2001: A Space Odyssey is a 1968 science fiction film directed by Stanley Kubrick, written by Kubrick and Arthur C. Clarke. The film deals with themes of human evolution, technology, artificial intelligence, and extraterrestrial life, and is notable for its scientific realism, pioneering special effects, and provocatively ambiguous imagery and sound in place of traditional narrative techniques.
Despite receiving mixed reviews upon release, 2001: A Space Odyssey is today thought by some critics to be one of the greatest films ever made. It was nominated for four Academy Awards, and received one for visual effects.

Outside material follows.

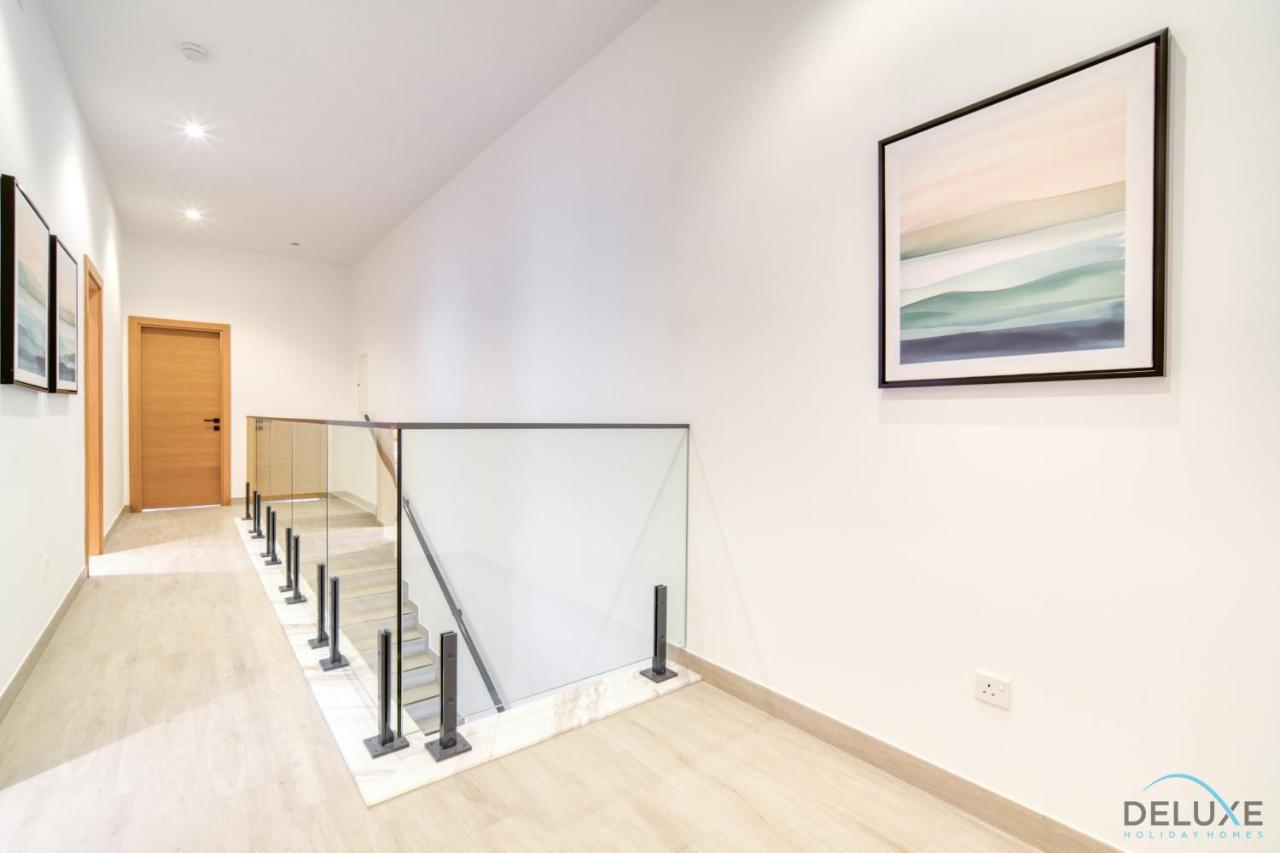 Exclusive Deal! Luxury 4br On Al Dana Island By Deluxe Homes Apartment *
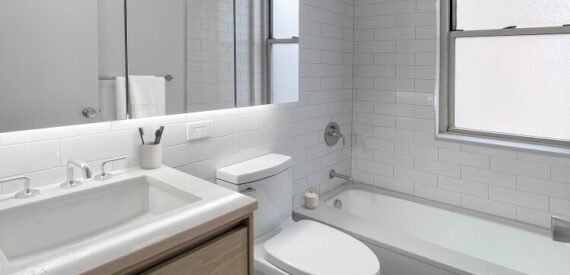 NO FEE! VERY LARGE 1BR (FLEX 2) Kips Bay!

A sequel to the film, titled 2010: The Year We Make Contact was based on Clarke’s 1982 book 2010: Odyssey Two and was released in 1984. However, Kubrick was not involved in the production of this film, which did not have the impact of the original. (Nonetheless, Kubrick makes a cameo appearance in the film. The cover of a Time magazine seen in the film features illustrations of the Soviet and American presidents. Clearly, the illustrations represent Kubrick as the Russian Premier and Clarke as his opposite. Also, the name of the captain on the Leonov is “Kirbuk”.) Clarke went on to write two more sequel novels: 2061: Odyssey Three (1987) and 3001: The Final Odyssey (1997).